The Poisson distribution is the natural choice for count data.

        $P(Y = k) = \frac{\mu^k e^{-\mu}}{k!}$ for $k = 0, 1, 2, \ldots$
        
        Where $\mu$ is the expected count (rate)

Key properties:

Non-negative integers: Only 0, 1, 2, ... are possible
Mean = Variance = $\mu$: This is the defining Poisson property
Canonical link: The log link is the natural pairing in GLM theory
Rate interpretation: $e^\beta$ gives multiplicative effects on the rate

Poisson + Log = Poisson Regression - the classic method for count data.

⚠ Excellent Thinking! (But Save It For Tutorial 4)

The Negative Binomial is actually a very good choice for real-world count data, because it handles overdispersion - when variance exceeds the mean.

        Negative Binomial variance: $\text{Var}(Y) = \mu + \frac{\mu^2}{\theta}$
        
        The extra parameter $\theta$ allows variance to be larger than the mean.

Preview: Tutorial 4

We'll fit the Poisson model first to learn the method, then check for overdispersion. Spoiler: the bike sharing data is overdispersed! Tutorial 4 will show how to upgrade to Negative Binomial.

The diagnostic: If residual deviance >> degrees of freedom, overdispersion is present.

For now, let's use the Poisson to understand the foundational approach.

❌ Not Appropriate for Count Data

The Gaussian distribution is designed for continuous data that can take any real value, including negative numbers.

Our outcome is a count (0, 1, 2, ...). The Gaussian has several problems:

        Allows negative values: Can't have -50 bike rentals
Continuous: Counts are discrete integers, not 4.7 rentals
Constant variance: For counts, variance often increases with the mean

      

Interestingly, for very large counts, the Poisson approximates the Gaussian. But for proper count modelling, use a discrete distribution.

❌ Not Appropriate Here

The Binomial distribution is for counting successes in a fixed number of trials - it has an upper bound.

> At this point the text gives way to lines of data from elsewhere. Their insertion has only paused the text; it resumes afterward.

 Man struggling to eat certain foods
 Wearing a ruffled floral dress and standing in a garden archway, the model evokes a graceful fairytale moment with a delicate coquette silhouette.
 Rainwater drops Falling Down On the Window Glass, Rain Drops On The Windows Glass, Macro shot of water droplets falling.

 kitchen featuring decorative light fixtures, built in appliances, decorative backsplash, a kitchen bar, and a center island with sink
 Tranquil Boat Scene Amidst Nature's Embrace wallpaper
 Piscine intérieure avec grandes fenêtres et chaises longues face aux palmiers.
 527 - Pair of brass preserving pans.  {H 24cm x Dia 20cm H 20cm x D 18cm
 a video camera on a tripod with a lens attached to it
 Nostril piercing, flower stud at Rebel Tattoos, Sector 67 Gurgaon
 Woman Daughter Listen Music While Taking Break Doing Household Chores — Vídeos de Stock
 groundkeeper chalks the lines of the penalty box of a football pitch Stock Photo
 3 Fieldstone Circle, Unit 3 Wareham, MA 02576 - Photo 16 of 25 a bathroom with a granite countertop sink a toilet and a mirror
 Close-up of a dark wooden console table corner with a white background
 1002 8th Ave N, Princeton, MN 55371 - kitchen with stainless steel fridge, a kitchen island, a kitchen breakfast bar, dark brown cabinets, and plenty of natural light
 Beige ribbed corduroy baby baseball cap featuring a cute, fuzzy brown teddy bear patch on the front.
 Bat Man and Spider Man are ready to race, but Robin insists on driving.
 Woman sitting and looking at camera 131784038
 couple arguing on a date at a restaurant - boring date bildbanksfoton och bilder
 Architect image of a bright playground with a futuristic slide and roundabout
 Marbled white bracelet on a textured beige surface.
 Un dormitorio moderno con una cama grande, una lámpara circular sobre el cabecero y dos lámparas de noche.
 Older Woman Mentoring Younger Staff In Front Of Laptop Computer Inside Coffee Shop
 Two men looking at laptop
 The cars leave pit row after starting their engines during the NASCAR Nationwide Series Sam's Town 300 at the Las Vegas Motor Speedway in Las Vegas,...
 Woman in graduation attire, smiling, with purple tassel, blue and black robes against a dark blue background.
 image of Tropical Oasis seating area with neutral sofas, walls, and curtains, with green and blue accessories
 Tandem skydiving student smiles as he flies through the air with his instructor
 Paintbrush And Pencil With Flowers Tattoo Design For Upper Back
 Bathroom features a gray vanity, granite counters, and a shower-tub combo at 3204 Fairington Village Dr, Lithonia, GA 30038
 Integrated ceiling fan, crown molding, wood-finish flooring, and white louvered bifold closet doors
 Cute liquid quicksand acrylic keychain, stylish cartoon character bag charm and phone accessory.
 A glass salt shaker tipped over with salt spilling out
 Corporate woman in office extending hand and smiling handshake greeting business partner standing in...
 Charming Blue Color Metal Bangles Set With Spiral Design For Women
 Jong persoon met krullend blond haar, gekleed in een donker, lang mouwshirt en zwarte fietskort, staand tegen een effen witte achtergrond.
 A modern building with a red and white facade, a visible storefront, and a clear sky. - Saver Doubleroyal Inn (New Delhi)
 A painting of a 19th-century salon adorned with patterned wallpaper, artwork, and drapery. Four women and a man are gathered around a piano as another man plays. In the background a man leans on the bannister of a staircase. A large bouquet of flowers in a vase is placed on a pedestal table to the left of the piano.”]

Our rental counts can be any non-negative integer with no fixed maximum:

        Binomial: Count out of n (like 8 heads in 10 coin flips)
Our data: Open-ended counts (22 to 8714 rentals per day)
There's no "maximum possible rentals" - it's unbounded

      

Binomial was the right choice for heart disease (yes/no) in Tutorial 2, where each patient is one "trial". But bike rental counts have no fixed upper limit.